Few of us still live in BOOTHS,
unless you mean EMeTologically.
BOOTH BahYiTH Bet-Yod-Tahf (as Thaf)
Ba-YITH
בית ______ [B-TH]
ROOTS: The Indo-European (IE) “root” for BOOTH, bheu (to be, exist, grow), accommodates too many tenants.
B
oth means a dwelling in Old Danish, and this Western precedent for BOOTH is bigger than a closet for a telephone. Pronouncable as בית BaYiT, BaYi(S) or BaYiTH, the Edenic term means “house” (Genesis 33:17), but in Exodus 1: 21 it means “family” (as in the House of Tudor), and there is a verb form meaning to 'spent the night' in
Daniel 6:
19. The Syriac house is
ܒܝܬܐ aytā’. Akkadian
bitu or Ugaritic
bt seems restricted to “house,” but Hebrew later uses BYT for school or synagogue.
בית
BaYiT means 'inside' in Genesis 6:14, and “within” in Exodus 25:11.
For a reverse, sound-alike term of interiority, see ת-בTahf-Bhet at
TUB.
BRANCHES: Nature’s perfect בית BaYiT housing or protective enclosure, is the egg, ביצה BaYTSaH (see
FETUS).
The opposite of the open PATIO is the closed house, בית BaYiT -- see
PATIO for the bilabial-dental family of open opposites of בית BaYiTH.
בית BayiT can be read (V)aYi(S). Sanskrit vis, a house, is the source of VAISYA (settler).

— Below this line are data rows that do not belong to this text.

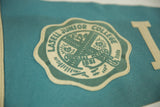 Angled close-up of the vintage Lasell Junior College felt pennant's teal seal and light blue-green body.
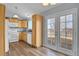 Cozy kitchen with wood cabinets, white appliances, laminate flooring, and bright French patio doors at 270 N Holcomb Cir, Castle Rock, CO 80104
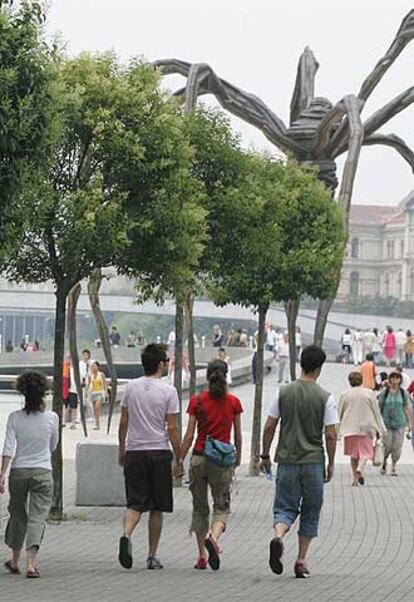 Turistas pasean por Abandoibarra, junto al Museo Guggenheim.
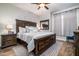 Spacious bedroom featuring a dark wood bed frame, ceiling fan, and a decorative rug at 3830 N Red Sky Cir, Mesa, AZ 85207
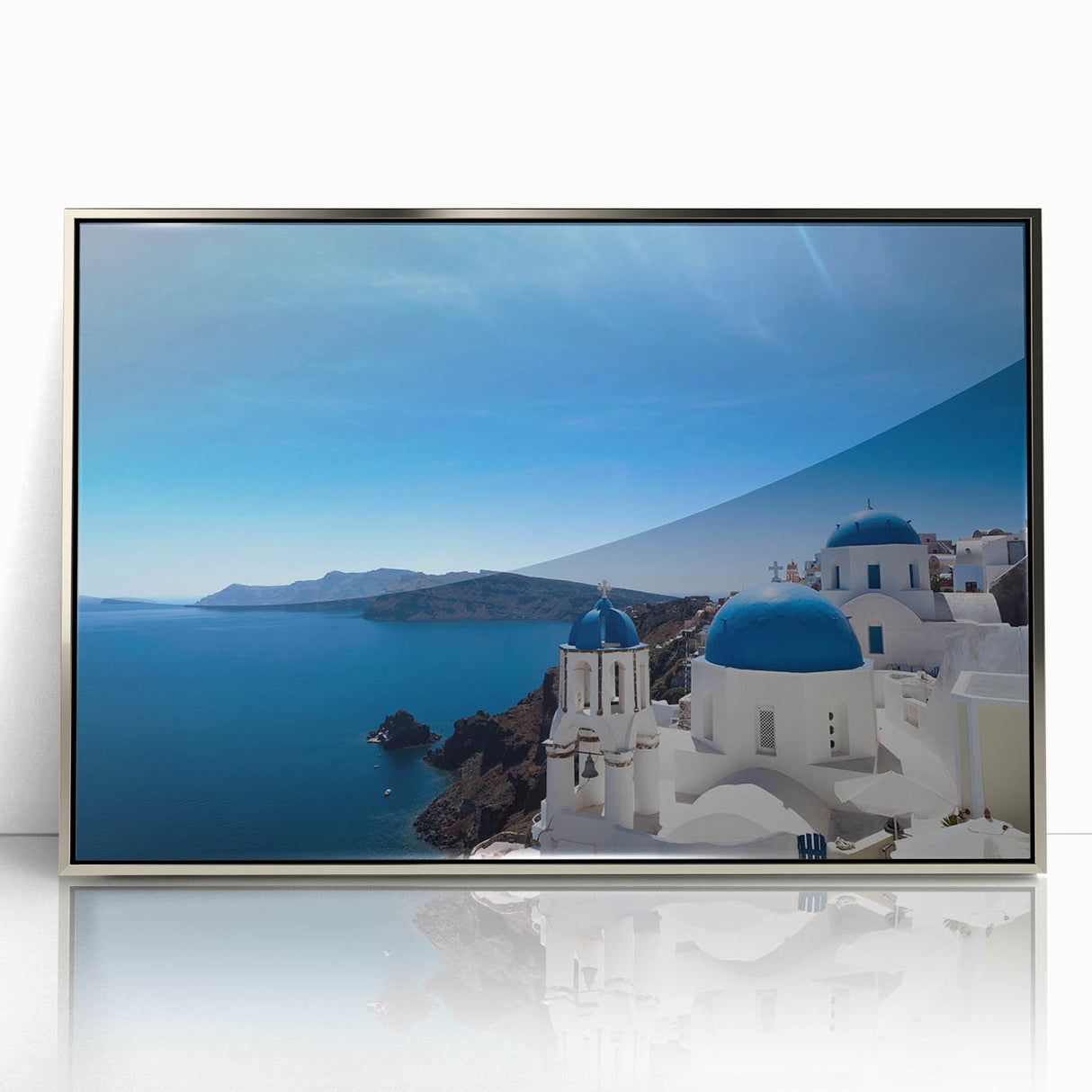 Framed acrylic print of Santorini, Greece with bright blue and white tones, ideal for modern art wall decor.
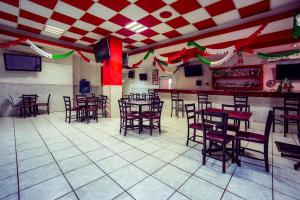 a restaurant with tables and chairs in a room at Capital O Hotel Diro, Monterrey in Monterrey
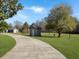 Long driveway leads to a well-maintained home, shed, and a tree with a swing in the yard at 760 Community Ave, Smoaks, SC 29481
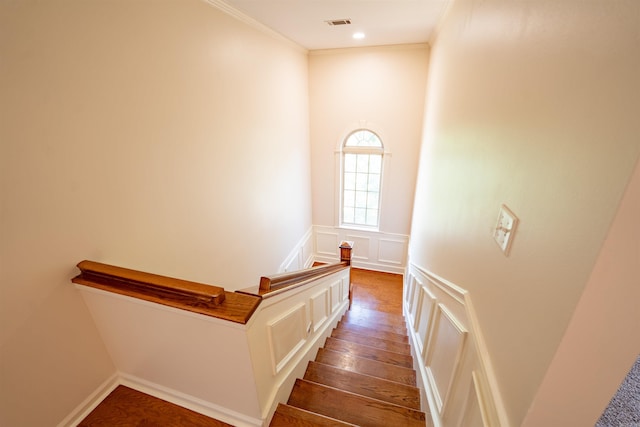 22 Jacob Pl, Little Rock, AR 72211 - stairs featuring a decorative wall, wood finished floors, ornamental molding, and wainscoting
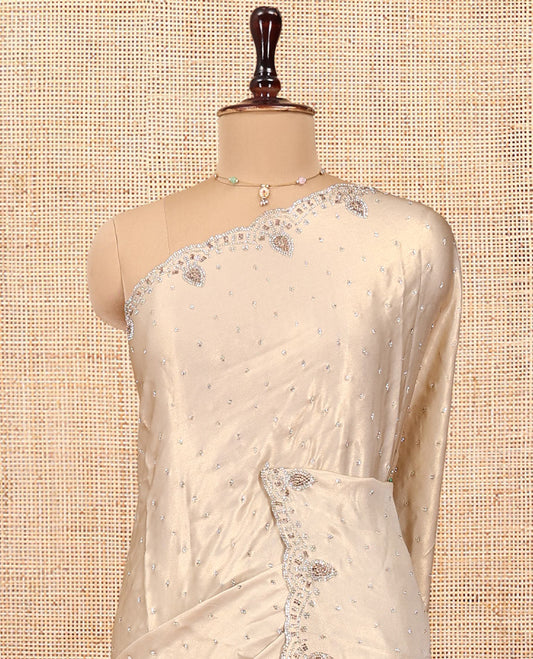 Champagne Designer Saree, Embellished with Stone Work On Its Body, Scallop Embroidered Border, and Heavy Embroidered Matching Blouse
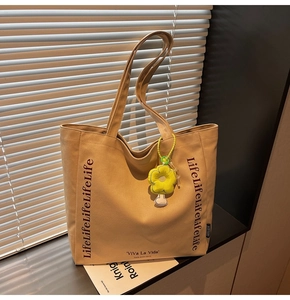 Detail of khaki canvas tote bag with Life text and yellow flower plush charm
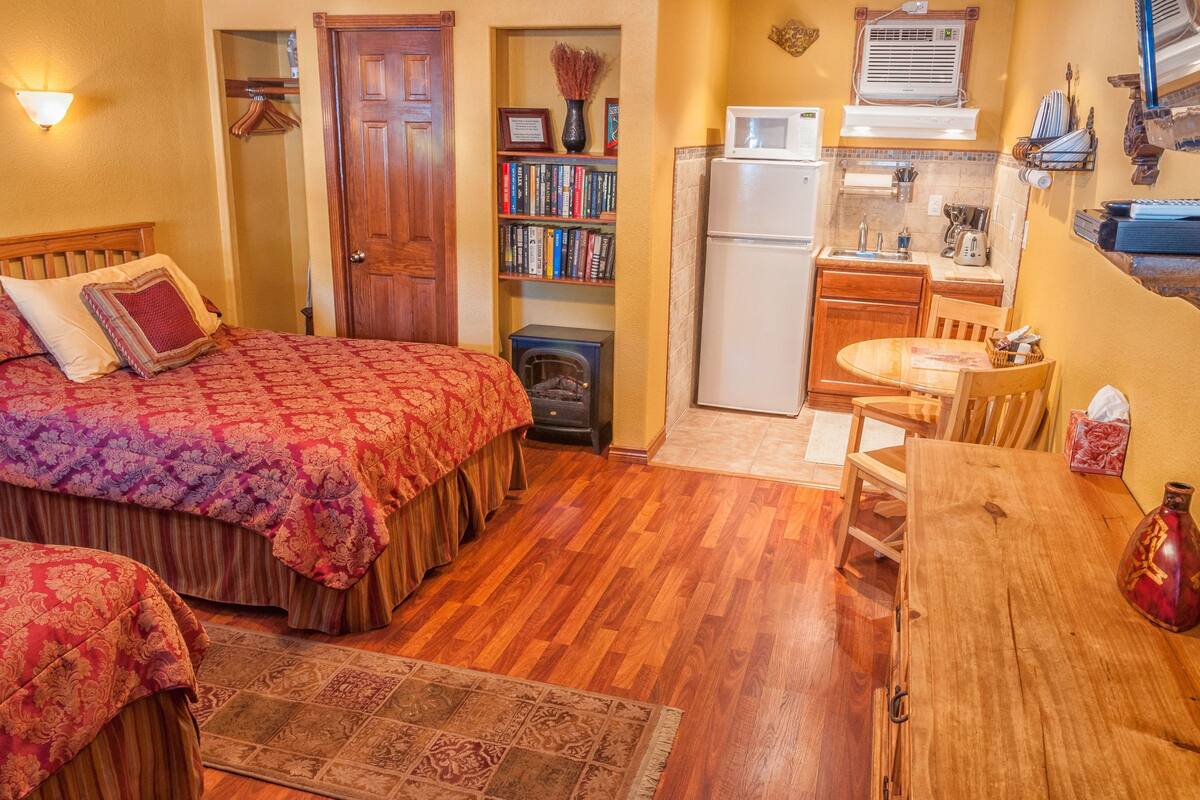 Un dormitorio con una cama grande, un aparador de madera, una mesita pequeña y una estantería.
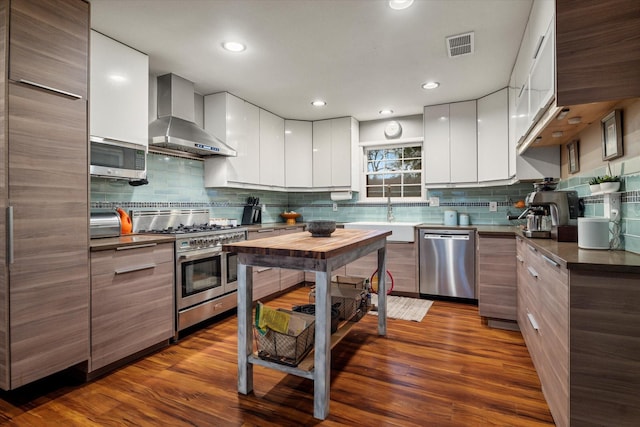 kitchen with sink, appliances with stainless steel finishes, wood-type flooring, white cabinets, and wall chimney exhaust hood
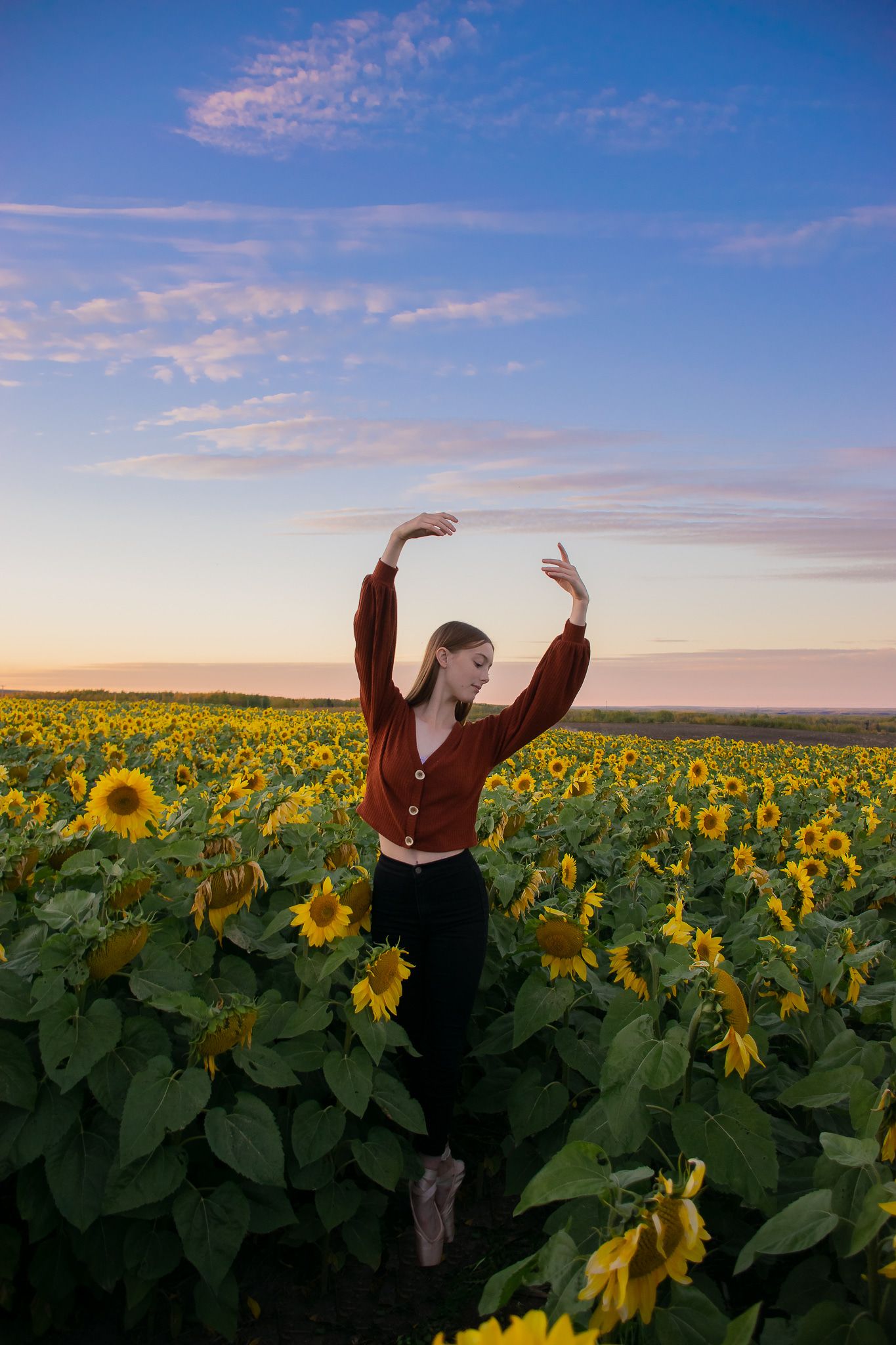 Silhouette of a person with raised arms dancing in a sunflower field at sunset.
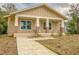 Inviting single-story home featuring a charming front porch with brick accents and a well-defined walkway at 532 W Park St, Lakeland, FL 33803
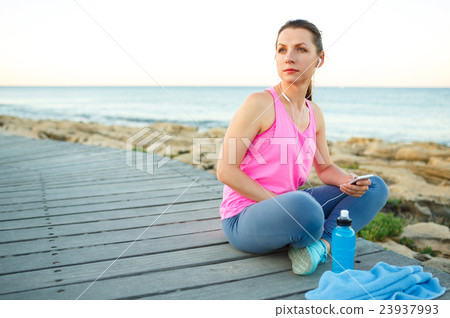 Woman resting after jogging on a wooden path 23937993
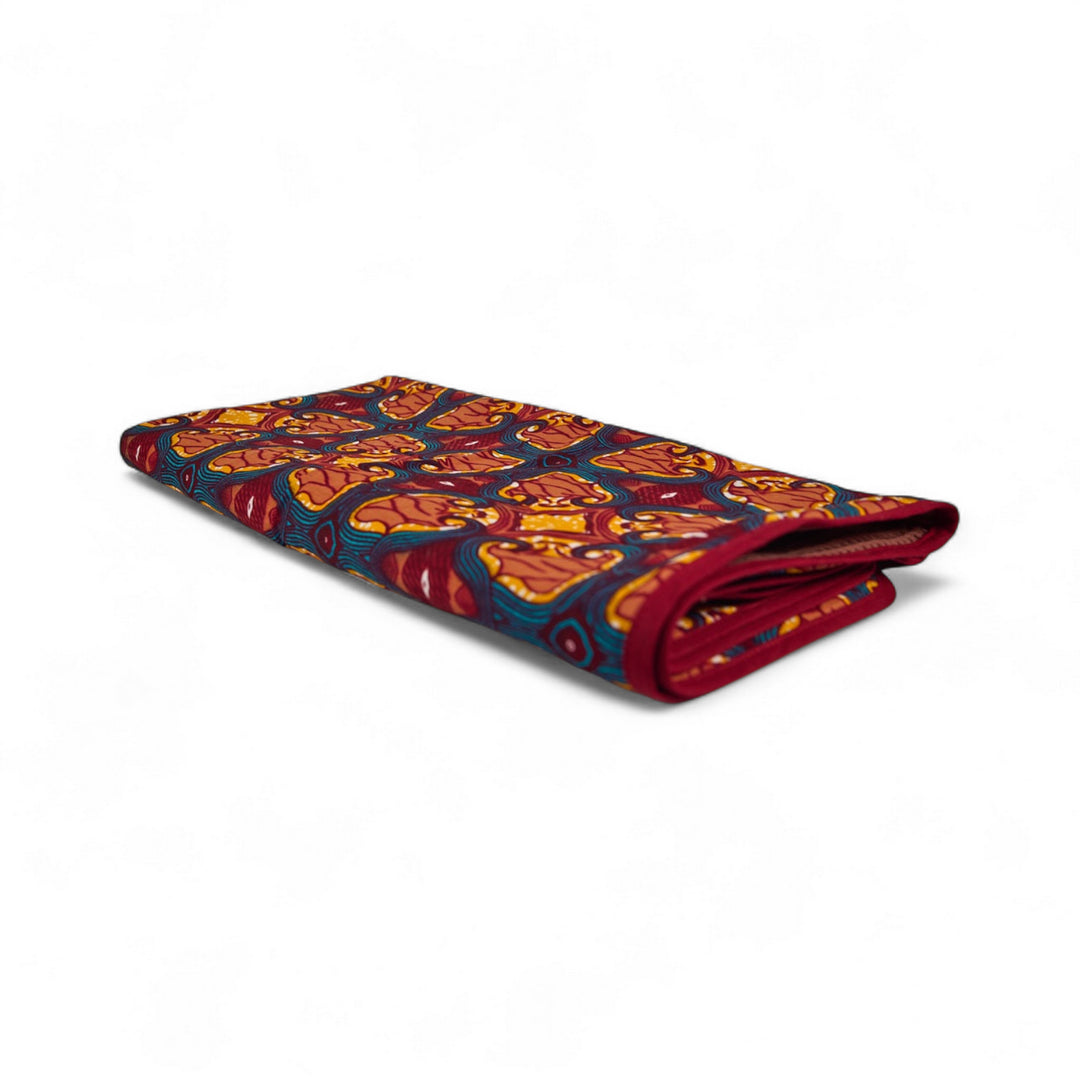 Cape de bain bébé MALAIKA en wax de coton doublé de piqué de coton gaufré nid d'abeille bois de rose. 88 x 88 cm.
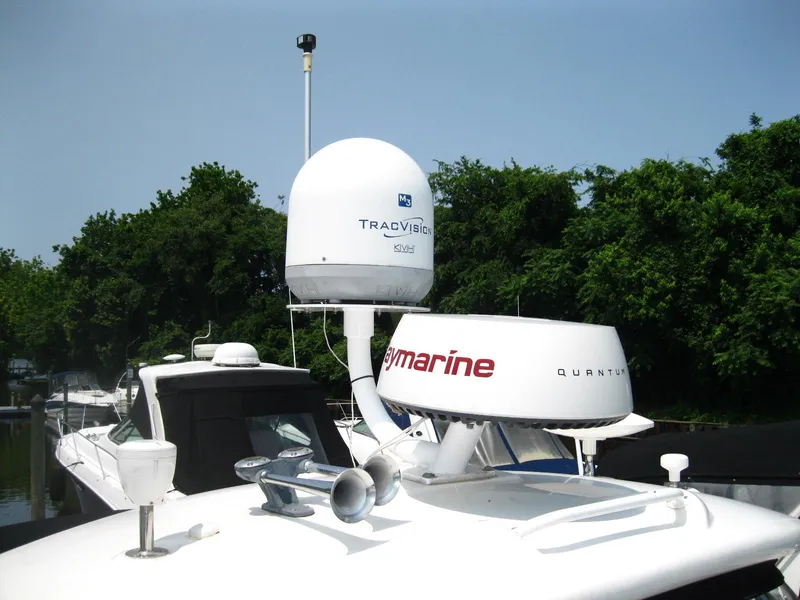 Slide: The Image of 2011 Sea Ray 350 Sundancer with advanced marine electronics and radar equipment. - 7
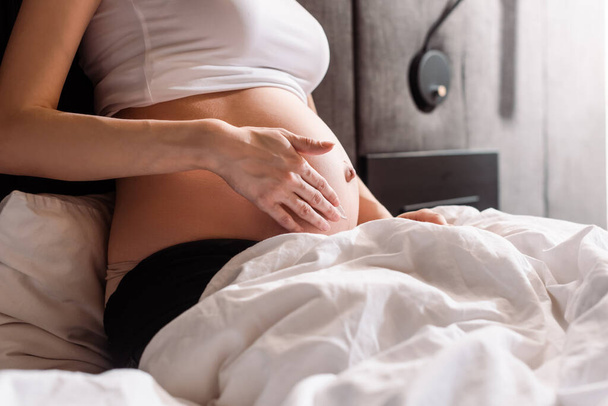 cropped view of pregnant woman touching belly with gel in bedroom  - Foto, afbeelding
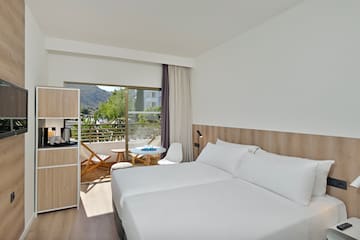 a room with a bed and a table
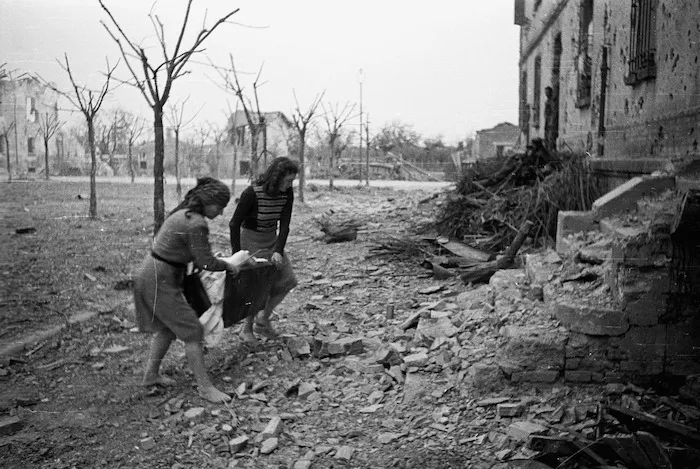 Women of the village of Sesto Imolese, Italy, searching amongst rubble for personal belongings - Photograph taken by George Kaye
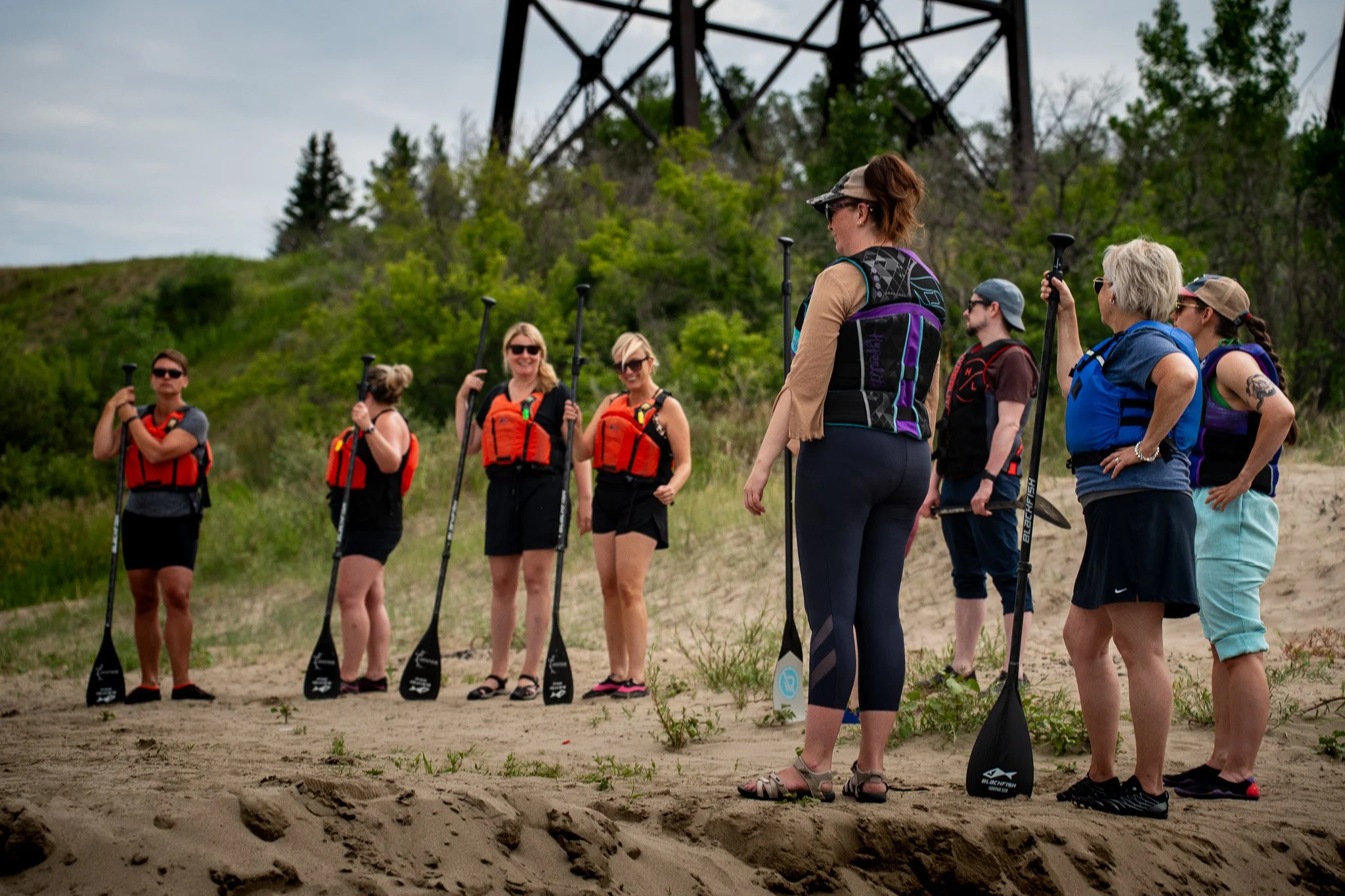Group of people preparing for a stand-up paddleboarding adventure on a sandy beach, holding paddles, with green trees and a power line tower in the background. Overnight Stand-up Paddleboard Camping Adventure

Byt is a Czech apartment (or see
BAT if a single
unit is meant. This is close to
wetu, house in Narragansett (Algonquin/Amerind) [Givon Zirkind]
From FM and MacBain's Etymological Dictionary: Irish both, bothan, bothie mean a hut.
Welsh bod, residence; Cornish bod, bos, and *buto- and Norse búð, are all related to English BOOTH. In the name Buchanan, the bu element means “residence.”
RW adds bilabial-dental words for a building: budova, Czech and Slovakian ; batiment, French; Gebäude, German; budynek , Polish; budovat , Slovakian. Then, for the verb “to build”: batir, French and budovatsh in Polish. Benjamin Davies (1886) adds Gaelic both and Welsh bwth.
In Rabbi Daniel Lapin’s
Buried Treasure, the Hebrew daughter בת BahT is not the feminine of a son (BeN), because a son builds (Bet-Noon , see
BONE) ones own family, while a בת BahT (daughter) builds a new בית BaYiT (house, family).
For a moving BOOTH, see
CABOOSE. For בית BaYiT as interiority, see
EMBED.
בית BaYiT, BaYiS or BaYiTH also means receptacle (Exodus 37:14) and interior (Exodus 28:26). It may be considered as the original home of words like VAT, currently stored within an IE “root” called ped -2 (container).
See 'ABODE' and 'BASE.'
Many more world “house” words are from Edenic “dwelling” words, or from K-S “housing” words from חסוי [K]Hee$ooY (covering). Like
casa. See
HOUSE.While short, the sample of bilabial-dental words below from
בית BaYiT or BaYi(S) (house, family) is noteworthy for its lack of reversals:
Akkadian | house | Bi Tu |
Cambodian | temple | W a T |
Cornish | booth | Bu To |
German | booth, stall | Bu De |
Irish | hut | Bo THie |
Japanese | family | Ba TSu |
Korean | booth | Bu Seo |
Latvian | hut | Bū Da |
Lithuanian | house | Bù Tas |
Narragansett/Amerind | house | We Tu |
Old Danish | dwelling | Bo TH |
Peruvian Quechua | house | Wa Si |
Sanskrit | house | Vi S |
Tamil | house | Vī Tu |
Thai | temple | Wh aT |
Ugaritic | house | B T |
Welsh | residence | B oD |
Welsh | house | By Dh |
Be they ever so humble, the homes where our global team of Edenicists live are the places from where the house of cards of meaningless, Eurocentric etymology will come tumbling down.